众人抬眼望去,只见远处的山坡之下,一座黑黝黝的建筑静静矗立着。
从这个距离看过去,那轮廓像极了一口巨大的棺材,无端地给人带来一种沉重的压抑感,让人心里直发怵。
俗话说 “望山跑死马”,下午便已映入眼帘的破庙,直到明月高悬,他们才好不容易走到跟前。
仰头打量,这座庙的破败程度远超想象,两侧的柱子光溜溜的,毫无修饰,原本该供奉佛像的高台,如今空空荡荡,什么都没有。
余元满脸疑惑,忍不住吐槽:“这佛像难不成也有人惦记着偷?”
一行人走进庙里,大堂的面积不大,也就二十来平方米。墙壁上的颜色早已褪去昔日的鲜亮,只留下陈旧的橙色,显得黯淡无光。右侧有一扇小小的窗户,如水的月光透过窗户,洒落在满是灰尘的地面上。屋顶采用木质结构,横梁与斜撑清晰可见,只是上面的瓦片缺失了许多,透过那些缝隙,能隐隐看到夜空。

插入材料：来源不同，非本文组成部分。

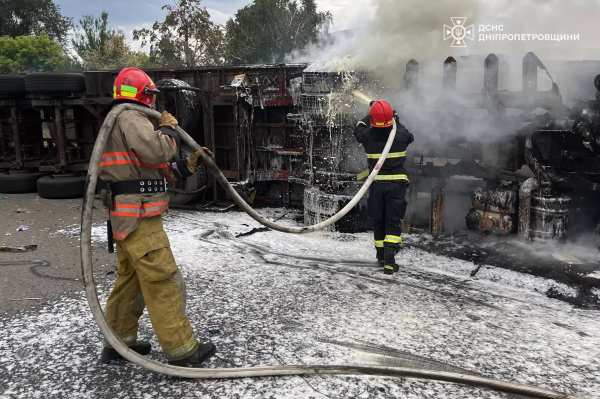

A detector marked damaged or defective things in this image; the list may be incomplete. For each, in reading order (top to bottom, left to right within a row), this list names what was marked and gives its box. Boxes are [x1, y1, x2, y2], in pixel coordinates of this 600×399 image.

fire damage [1, 55, 600, 296]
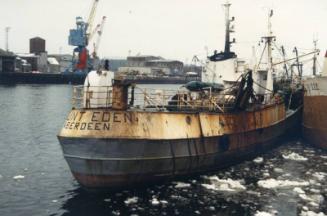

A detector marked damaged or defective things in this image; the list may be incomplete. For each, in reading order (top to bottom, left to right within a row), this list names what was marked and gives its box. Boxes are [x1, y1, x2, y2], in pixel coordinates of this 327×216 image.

这庙宇弥漫着一股衰败的气息,月光从破瓦缝隙中倾洒在大堂中央,既不能抵挡山风,也无法遮蔽雨水,李飞甚至感觉,只要来一阵稍大的风,这破庙便会轰然倒塌。
好在地面还算平整,众人便席地而坐,拿出干粮,就着山泉水,勉强填了填肚子。
一想到已经走了一半的路程,只要再坚持坚持,就能抵达夏城,众人的心中又燃起了一丝希望的火苗。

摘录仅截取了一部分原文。